▸ **Data in this exercise**
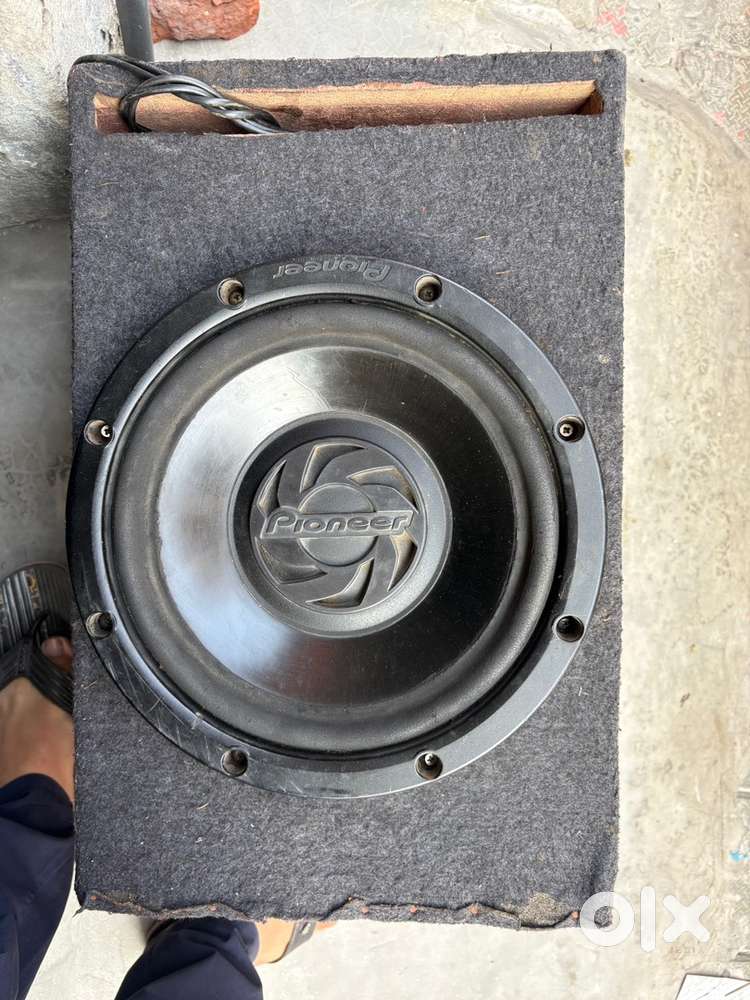 Pioneer Bass speaker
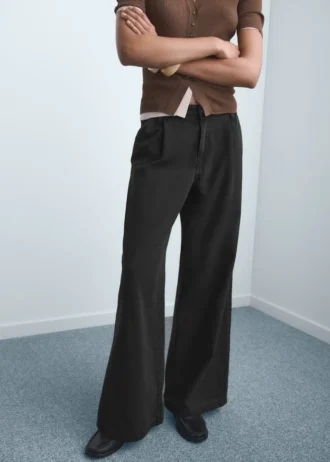 Weite Jeans mit Falten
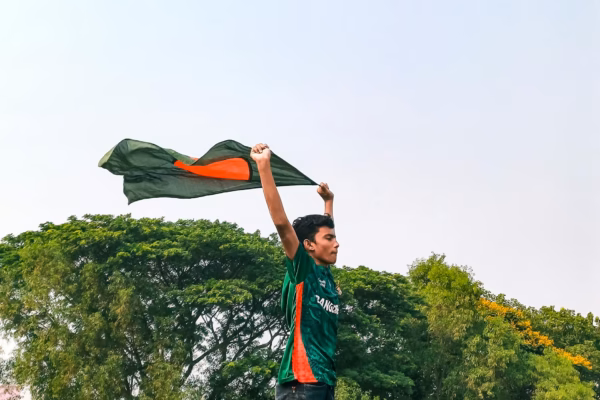 আইপিএলের আবহে রোহিত শর্মার ভাইরাল ভিডিও: ভক্তের সেলফি বিড়ম্বনা ও তারকা সুলভ ধৈর্য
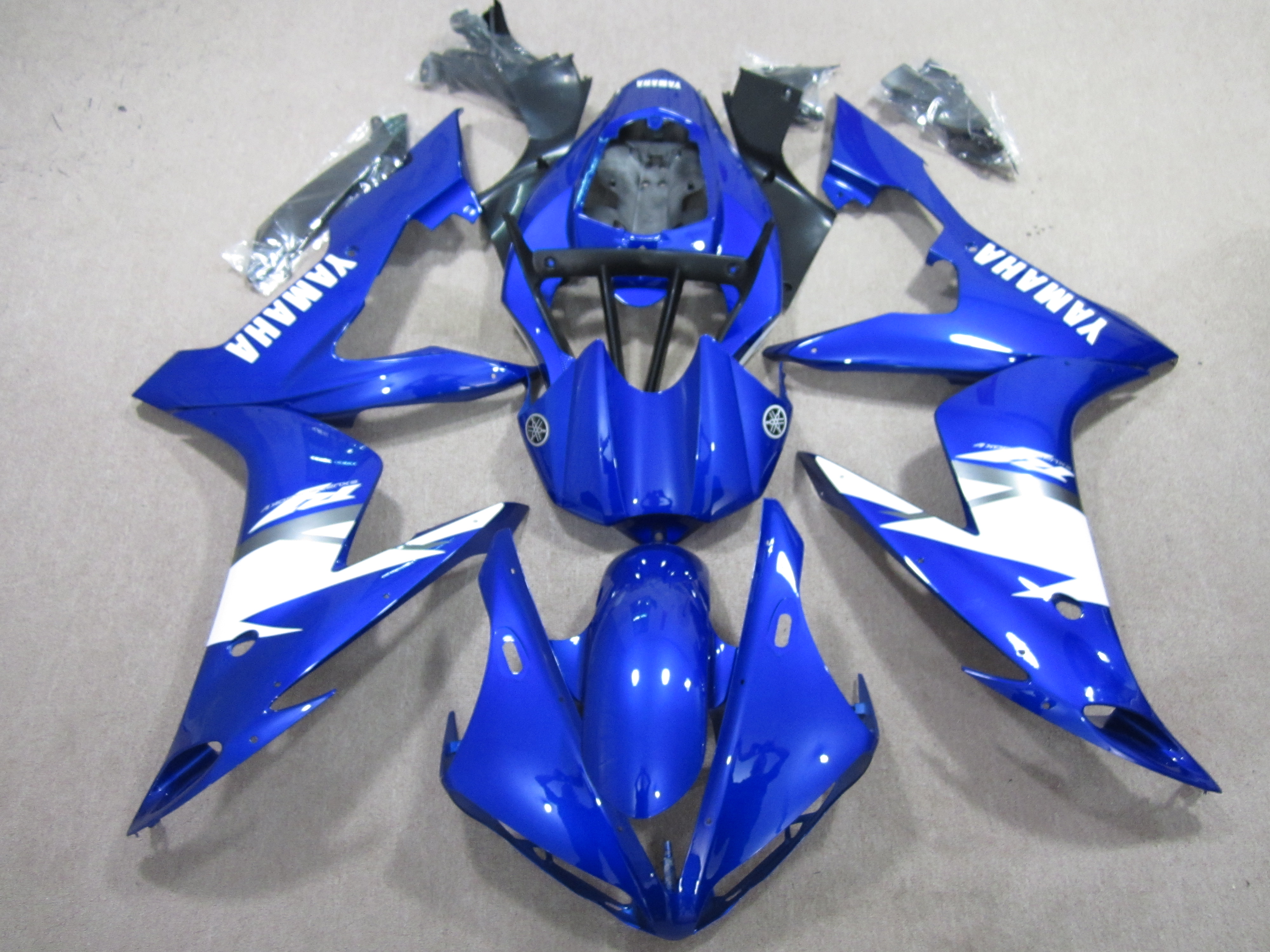 2004 yamaha r1 fairings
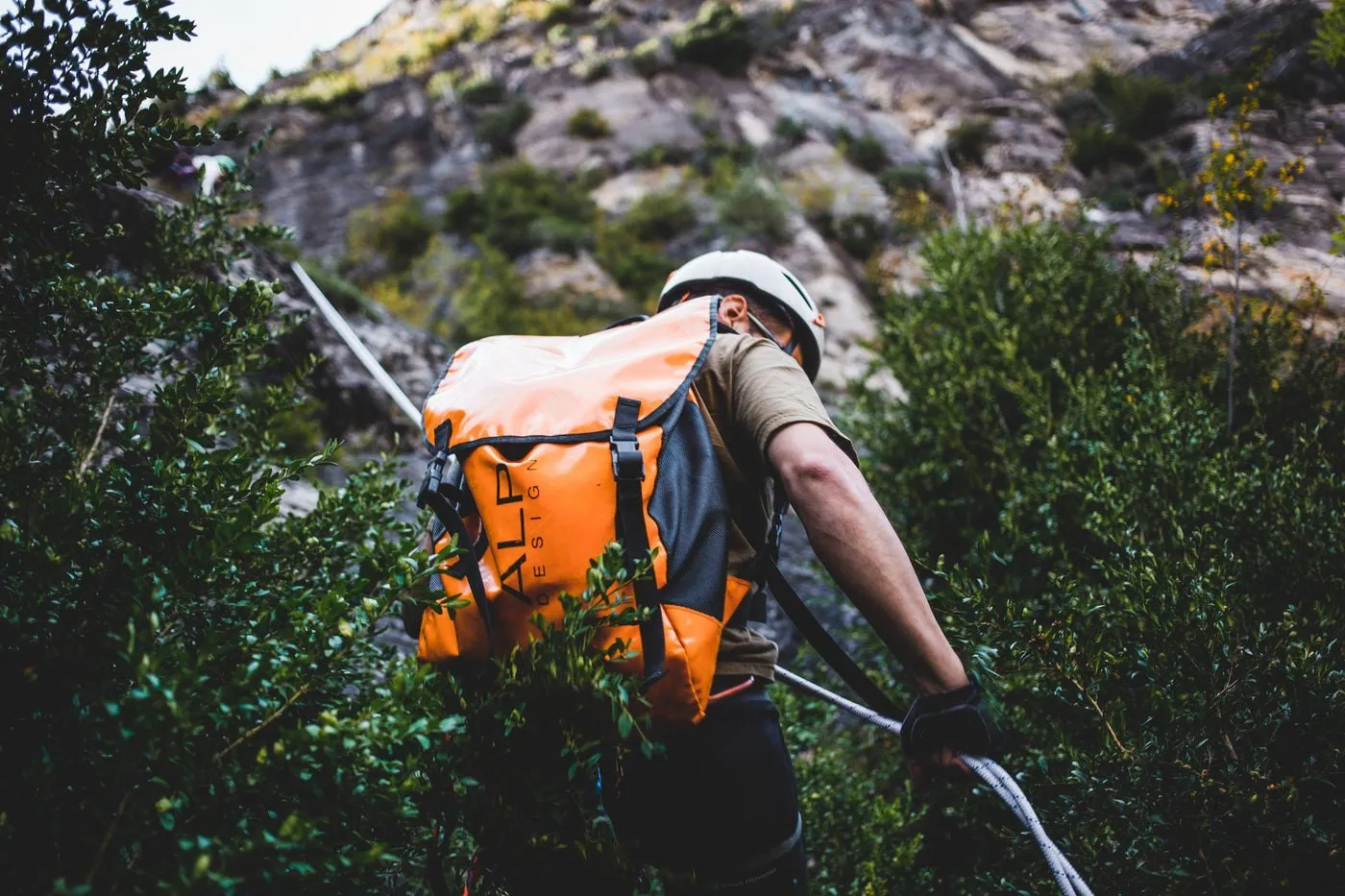 Un jeune descend une paroi en rappel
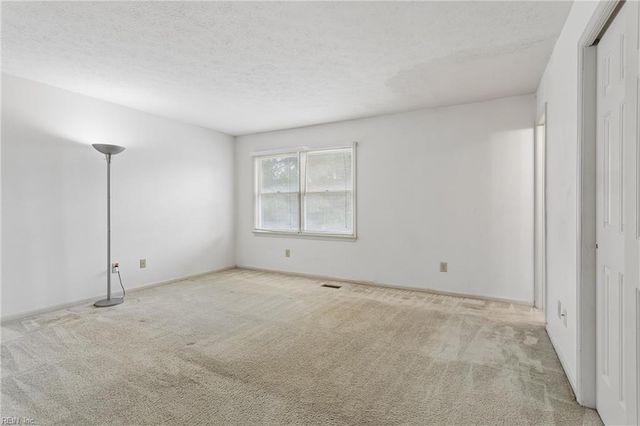 13 Wooded Hill DR, Hampton, VA 23669
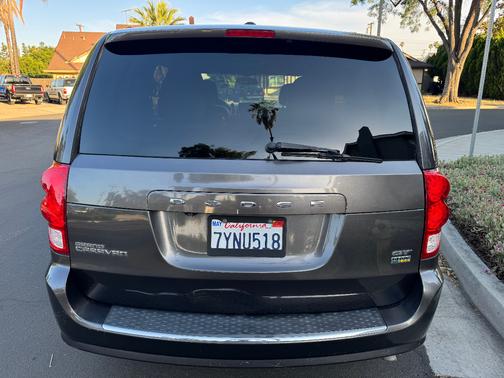 Gray 2017 Dodge Grand Caravan GT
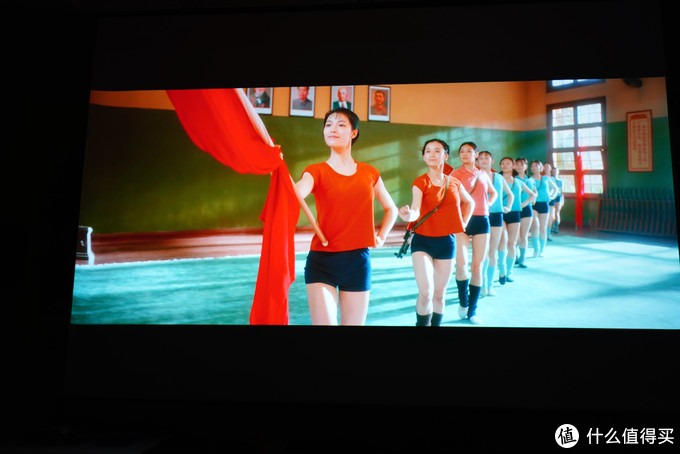 dvd怎么连接电视教程_音响搭配方案_家庭影院投影机选购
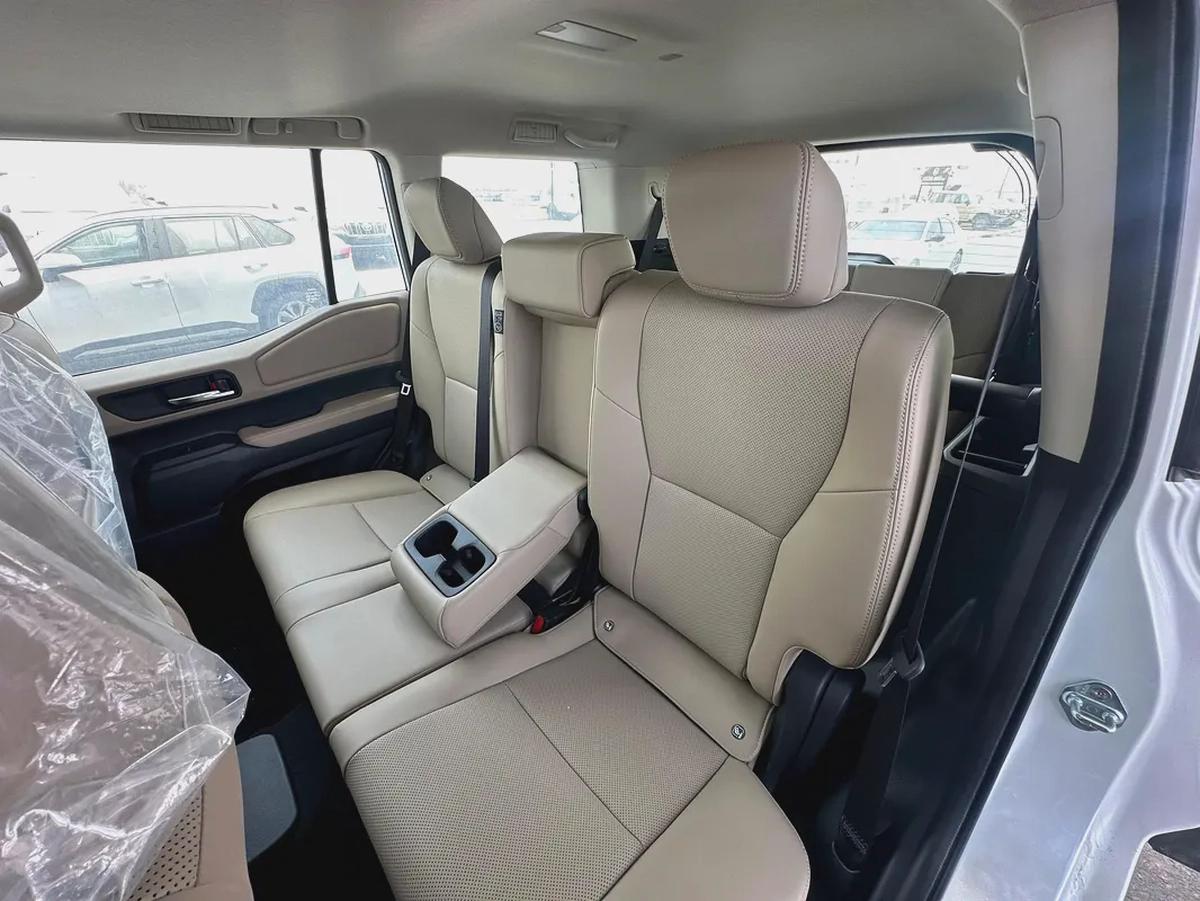 2024 Toyota Prado GX MID - GCC Specs - Brand New-7-7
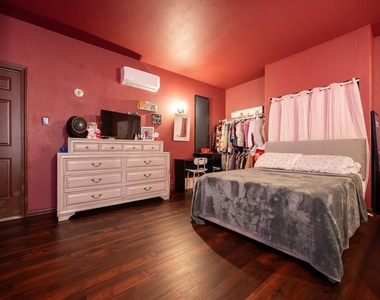 1823 Blue Water Bay Drive - Photo Thumbnail 10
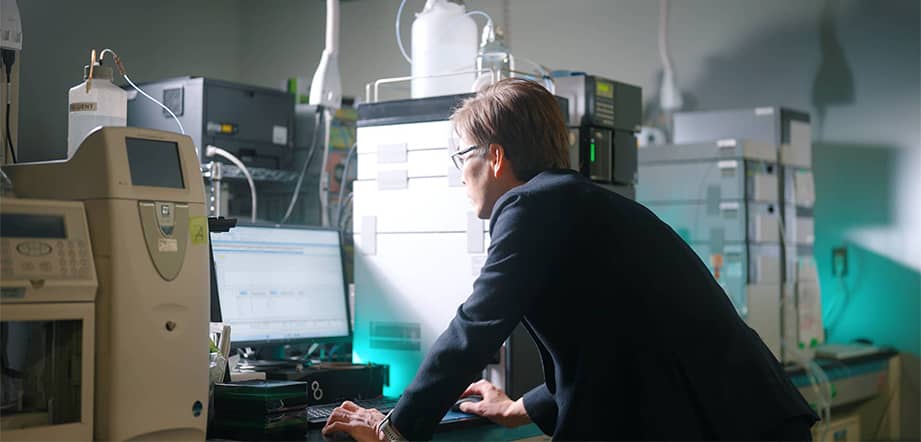 写真：宮西 伸光 教授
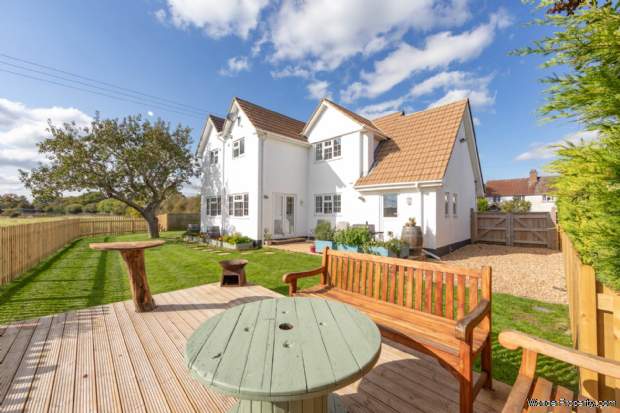 Additional Property Image 3 bedroom Detached for sale in Chippenham 2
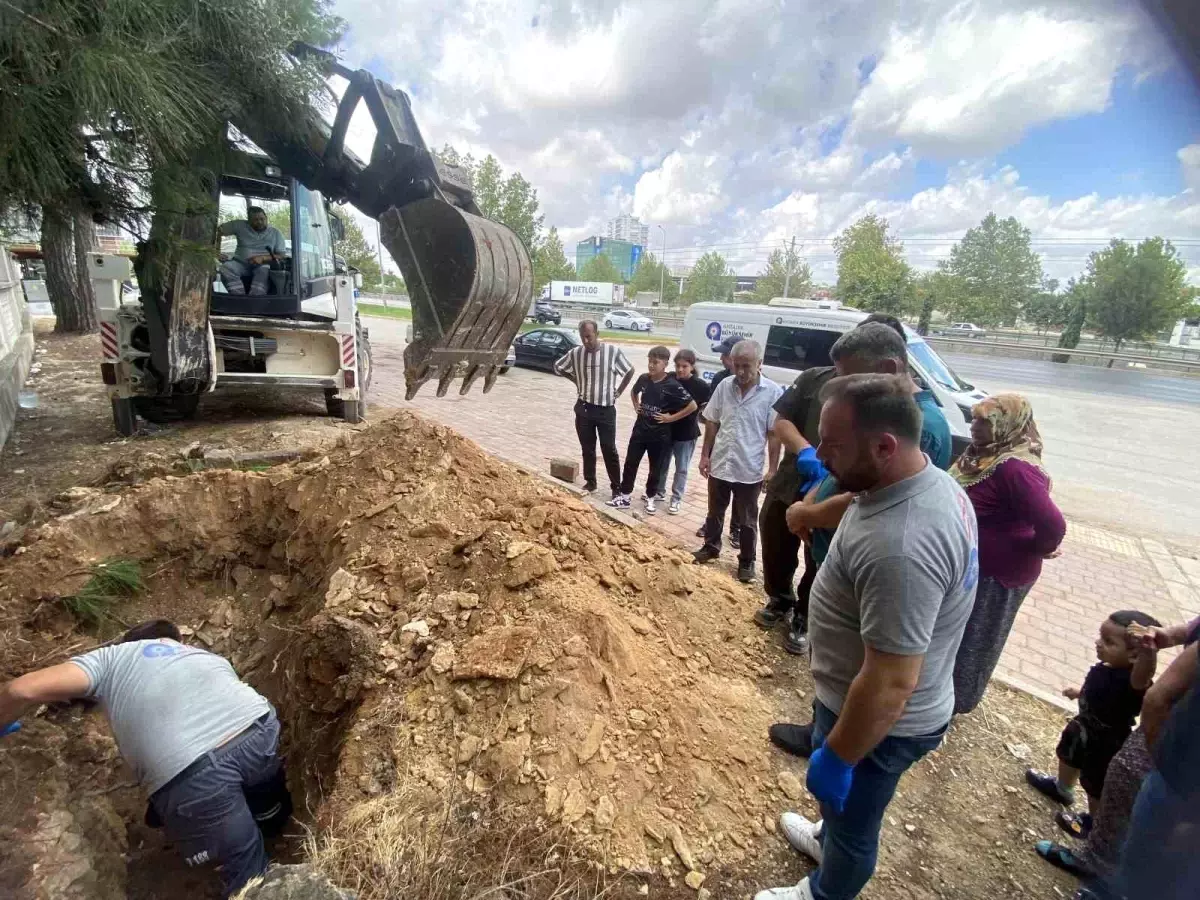 Antalya\'da soba kazası sonucu hayatını kaybeden çocuk, annesinin yanına defnedildi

▸ **Your assignment**
All lines from the one containing "写真：宮西 伸光 教授" through the final line of the entries above are to be copied exactly; the pictures are not.

▸ **Output of the exercise**
 写真：宮西 伸光 教授
 Additional Property Image 3 bedroom Detached for sale in Chippenham 2
 Antalya\'da soba kazası sonucu hayatını kaybeden çocuk, annesinin yanına defnedildi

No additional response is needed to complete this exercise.